Despite this documentation though, you will regularly hear today that the Armenian Genocide is ‘controversial’. Another way of putting this is that the genocide is ‘controversial in Turkey’, as the vast majority of scholars and experts agree that the genocide took place as described above. The Turkish government and many other Turkish groups however deny the scale of the killings, say that they were unintended, and portray any killings that took place as a legitimate response to Armenian uprisings. They are instead called a ‘tragedy’, but put in the context of larger Turkish losses during the war. Journalists and academics have even been prosecuted for ‘insulting Turkishness‘ after saying that the killings were genocide,

The issue says a lot about just how loaded the term genocide is. For almost every instance of genocide committed in the 20th century there have been people arguing that it isn’t.

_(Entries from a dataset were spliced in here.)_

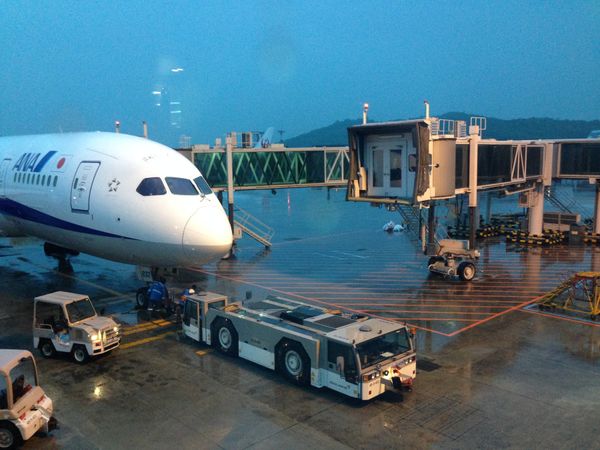 大韓民国 (韓国)・ソウル「韓国旅行」の写真：NH JA832A Boeing787-...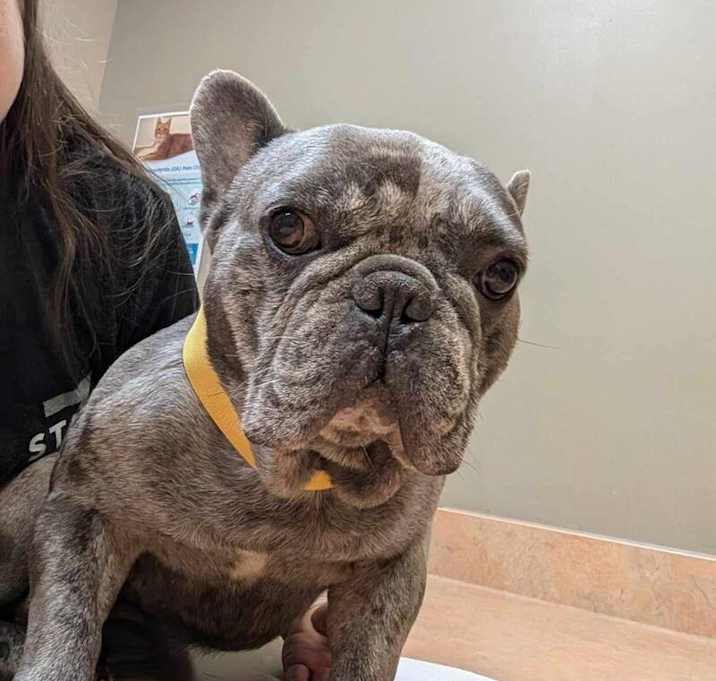 Photo of Mr Big Head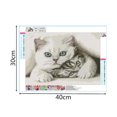 thumbnail image 2 of Graflsoa « Kit de Peinture Diamant Chat Bricolage - Art sur Toile 40x30 cm avec Strass et Outils Inclus », 2 of 7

This is partially because the UN Convention on Genocide is so clear about the responsibility countries bear to stop it taking place. The US and other powers resisted naming the Rwandan Genocide for far too long, because acknowledging that what was happening was more than a massacre would force them to take action. The official description of genocide as: “to destroy, in whole or in part, a national, ethnic, racial or religious group” has become something for lawyers to poke holes in, rather than a way to recognise that the worst crime imaginable is taking place.

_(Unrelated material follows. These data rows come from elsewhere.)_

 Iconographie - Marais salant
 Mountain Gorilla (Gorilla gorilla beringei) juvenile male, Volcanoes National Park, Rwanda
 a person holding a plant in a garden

This is a danger that the Pope points towards. He said yesterday that “Concealing or denying evil is like allowing a wound to keep bleeding without bandaging it.” We can all argue semantics to preserve our pride and self-image, or excuse ourselves from taking action, but this does nothing to confront the evil of others, or the evil buried in our nation’s past. Only by facing up to this evil can we stop the bleeding wounds of the past.